> _Supplied material_:
== Segment start ==
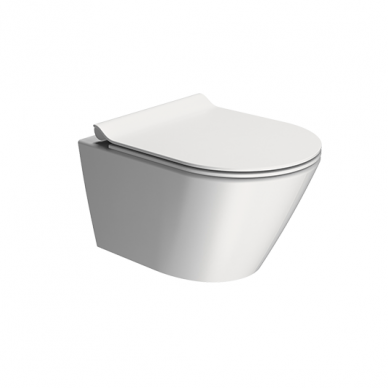 Matinis baltas WC KUBE X 50x36 Swirlflush® Dualglaze® su Soft Close dangčiu, GSI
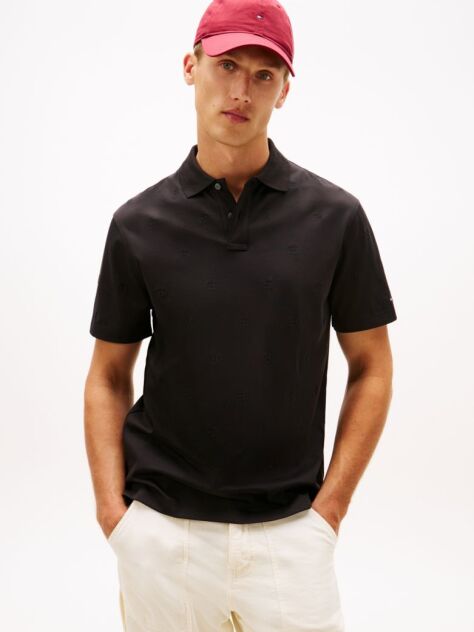 Black 1985 Regular Fit Piqué Polo Shirt  Men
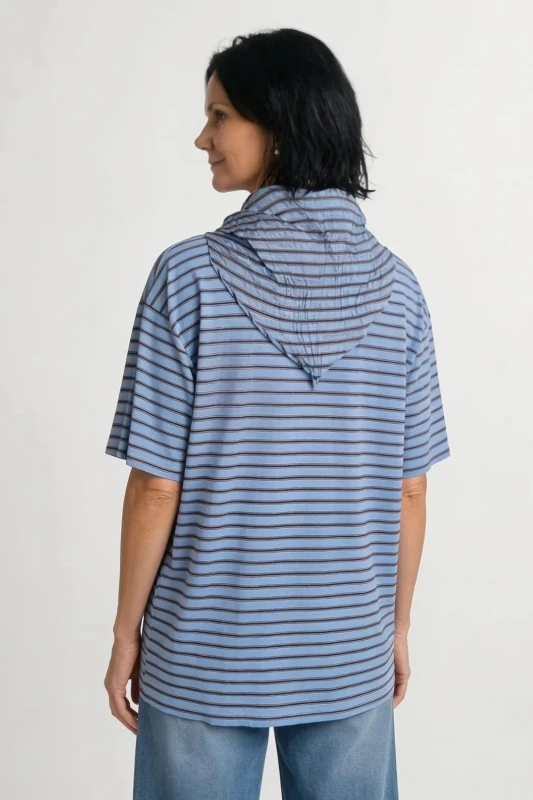 Bluzka damska niebieska w paski z chustą oversize bawełna Made in Italy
== Segment end ==
> _Your objective_:
Please leave the images out and retype the rest of the material exactly.

> _Solution to the problem_:
 Matinis baltas WC KUBE X 50x36 Swirlflush® Dualglaze® su Soft Close dangčiu, GSI
 Black 1985 Regular Fit Piqué Polo Shirt  Men
 Bluzka damska niebieska w paski z chustą oversize bawełna Made in Italy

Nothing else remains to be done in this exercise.